For each line below that contains the string "Ford", copy that line.

++++++++++

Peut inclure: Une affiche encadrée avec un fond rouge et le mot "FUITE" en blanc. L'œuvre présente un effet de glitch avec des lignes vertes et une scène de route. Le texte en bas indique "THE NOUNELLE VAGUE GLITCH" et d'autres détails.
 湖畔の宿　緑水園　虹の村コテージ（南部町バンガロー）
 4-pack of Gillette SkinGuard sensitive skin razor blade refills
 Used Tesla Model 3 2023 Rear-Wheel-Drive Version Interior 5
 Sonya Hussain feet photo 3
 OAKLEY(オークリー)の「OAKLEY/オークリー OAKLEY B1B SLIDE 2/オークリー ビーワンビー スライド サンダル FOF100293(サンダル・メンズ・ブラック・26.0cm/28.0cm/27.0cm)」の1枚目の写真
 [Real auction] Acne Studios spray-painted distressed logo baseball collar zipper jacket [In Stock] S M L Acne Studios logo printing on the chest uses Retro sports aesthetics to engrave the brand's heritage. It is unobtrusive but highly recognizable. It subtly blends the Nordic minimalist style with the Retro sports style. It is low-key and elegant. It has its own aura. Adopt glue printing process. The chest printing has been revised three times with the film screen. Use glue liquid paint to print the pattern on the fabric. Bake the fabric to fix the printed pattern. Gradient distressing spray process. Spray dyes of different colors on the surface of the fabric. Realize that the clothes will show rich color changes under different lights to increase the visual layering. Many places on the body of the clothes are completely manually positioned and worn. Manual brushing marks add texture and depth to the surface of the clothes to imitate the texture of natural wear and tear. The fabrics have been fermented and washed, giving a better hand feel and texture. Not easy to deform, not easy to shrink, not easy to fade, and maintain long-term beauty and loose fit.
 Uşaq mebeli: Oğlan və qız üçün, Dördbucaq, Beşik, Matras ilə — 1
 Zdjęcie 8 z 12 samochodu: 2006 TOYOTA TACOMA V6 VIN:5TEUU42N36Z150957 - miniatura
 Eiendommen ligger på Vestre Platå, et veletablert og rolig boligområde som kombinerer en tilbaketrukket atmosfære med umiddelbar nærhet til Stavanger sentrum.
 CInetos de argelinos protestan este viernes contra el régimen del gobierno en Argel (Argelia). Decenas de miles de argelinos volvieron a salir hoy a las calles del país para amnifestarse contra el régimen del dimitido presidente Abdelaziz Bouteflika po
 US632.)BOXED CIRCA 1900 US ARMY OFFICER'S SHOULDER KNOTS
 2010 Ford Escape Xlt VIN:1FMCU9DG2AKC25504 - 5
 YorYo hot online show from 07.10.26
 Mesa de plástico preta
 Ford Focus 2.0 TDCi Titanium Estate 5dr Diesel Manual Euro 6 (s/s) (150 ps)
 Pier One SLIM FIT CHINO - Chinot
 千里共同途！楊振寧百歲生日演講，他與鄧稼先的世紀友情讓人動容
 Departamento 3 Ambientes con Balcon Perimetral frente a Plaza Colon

++++++++++

YOUR RESPONSE:
 2010 Ford Escape Xlt VIN:1FMCU9DG2AKC25504 - 5
 Ford Focus 2.0 TDCi Titanium Estate 5dr Diesel Manual Euro 6 (s/s) (150 ps)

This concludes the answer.